- Pitcher / Outfielder
- Born: February 28, 1901 Alexandria, Indiana, U.S.
- Died: December 3, 1973 (aged 72) New York, New York, U.S.
- Batted: BothThrew: Right

Negro National League I debut
- 1920, for the Detroit Stars

Last Negro National League II appearance
- 1941, for the New York Black Yankees

Negro National League I, Eastern Colored League, American Negro League, & Negro National League II statistics
- Win–loss record: 74–92
- Earned run average: 4.00
- Strikeouts: 757
- Batting average: .157
- Home runs: 0
- Runs batted in: 30
- Stats at Baseball Reference

Teams
- Richmond Giants (1918-1919); Indianapolis Jewell's ABCs (1919); Indianapolis ABCs (1920); Detroit Stars (1920–1921); Chicago American Giants (1921); Detroit Stars (1922); Santa Clara (1922–1923); New York Lincoln Giants (1923–1924); Brooklyn Royal Giants/Brooklyn Cuban Giants (1925–1928); New York Lincoln Giants (1929–1930); Harlem Stars (1931); New York Black Yankees (1932–1941);

Career highlights and awards
- Negro National League strikeout leader (1921);

= Bill Holland (right-handed pitcher) =

American baseball player

Elvis William Holland (February 28, 1901 - December 3, 1973) was an American professional baseball pitcher and outfielder in the Negro leagues.
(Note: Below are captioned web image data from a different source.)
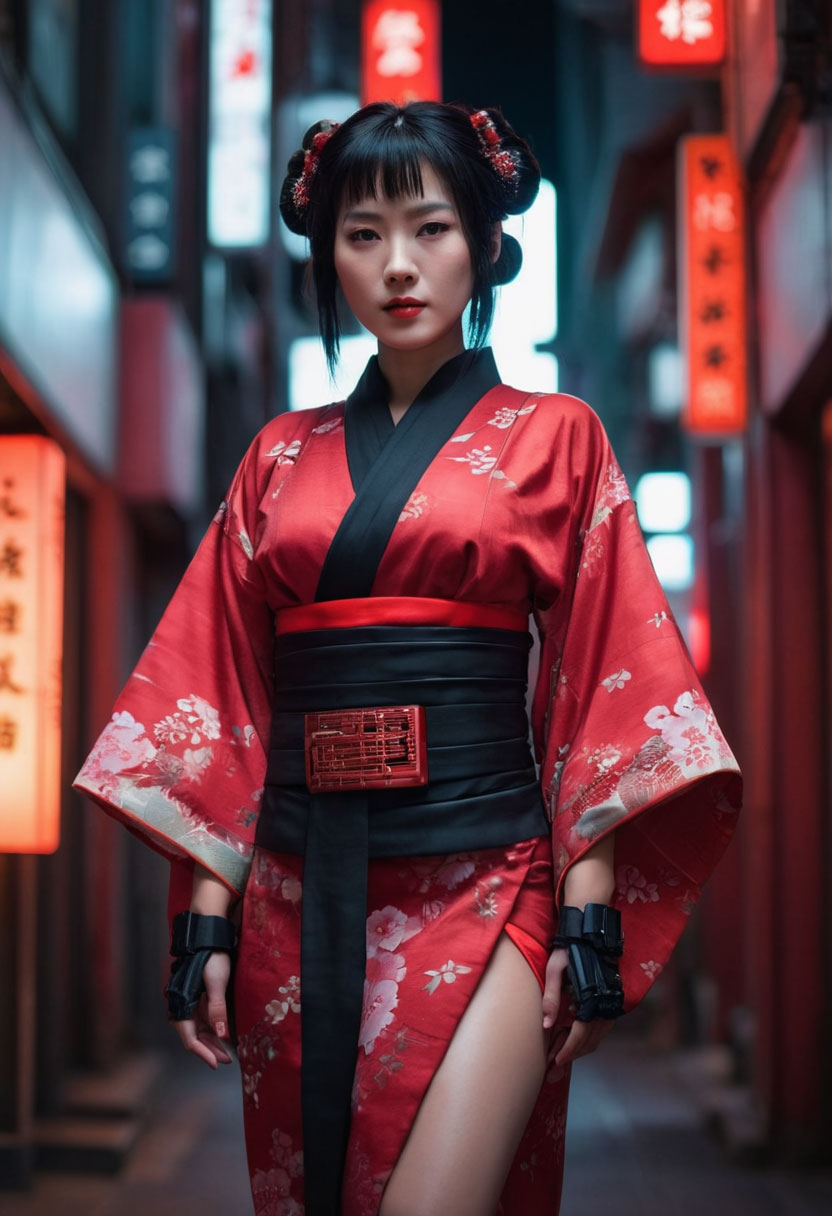 Cinematic Geisha Samurai In Red AI Portrait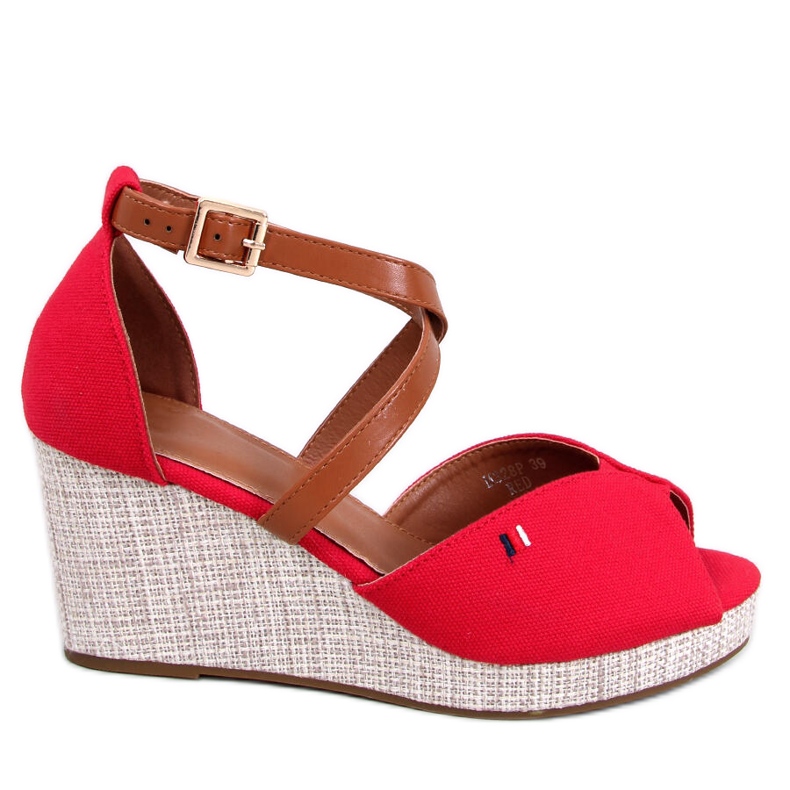 Sandals for an wedge Open Toe red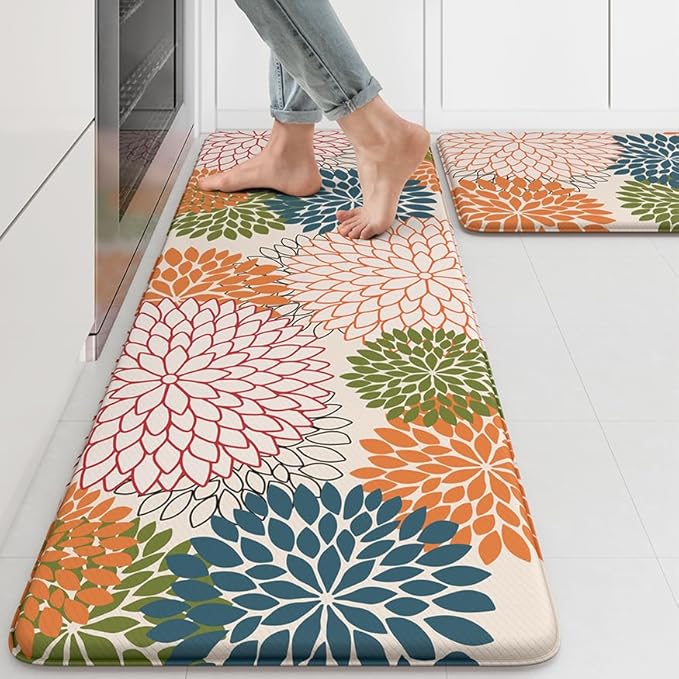 Kitchen Rugs and Mats Cushioned Anti Fatigue Kitchen Mat 2PCS Non-Skid Waterproof Kitchen Runner Rug Comfort Foam Standing Mat for Floors,Office,Laundry,Sink,Floral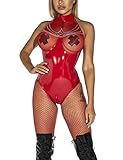 FEOYA Damen Wetlook Bodysuit Dessous Body Unterwäsche Gogo Stringbody Brust Harness PU Leder Halsband mit Kette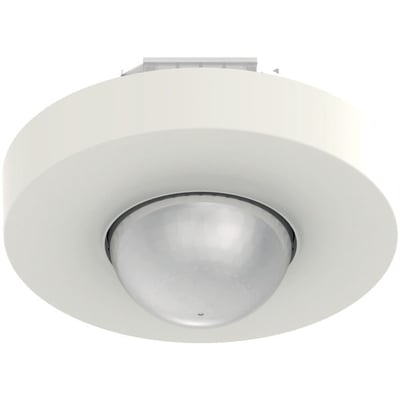 Schneider Electric LK KNX Høj Loft Pir 360° til indbygning i hvid, med en kuppelformet detektorlinse.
He played from 1919 to 1941. In newspaper reports, he is often referred to as "Bill" Holland, and had the nicknames of "Speed" and "Devil."

==Early career==
Holland debuted in Richmond, Indiana as a teenager in 1918 with the Richmond Giants, a team that had also featured Negro league legends Oscar Charleston and Connie Day during the season. Holland started games on consecutive days, pitching twenty innings in less than twenty-four hours. He only allowed five earned runs while striking out twenty-four hitters. After the Negro National League was founded, Holland got his start working for the Indianapolis ABCs baseball club, before being sold to the Detroit Stars in 1920. It was with the Stars that he pitched with other Negro league greats like Andy Cooper, Bill Gatewood, Tom Johnson and Gunboat Thompson. After three seasons with Detroit, he moved to the East Coast and spent the rest of his career working for the Lincoln Giants, Brooklyn Royal Giants, and the New York Black Yankees.

==Later career==
In 1930 Holland went 29-2 for the Lincoln Giants and was the first black player to ever pitch at Yankee Stadium. He was also voted to the 1939 East-West All-Star Game.
At age 51, Holland received votes listing him on the 1952 Pittsburgh Courier player-voted poll of the Negro leagues' best players ever.

==Rankings In Negro league history==
According to Seamheads, in official league games across Negro league history, Holland ranks fifth in strikeouts and complete games (1,094 and 173 respectively), and tenth in wins (116).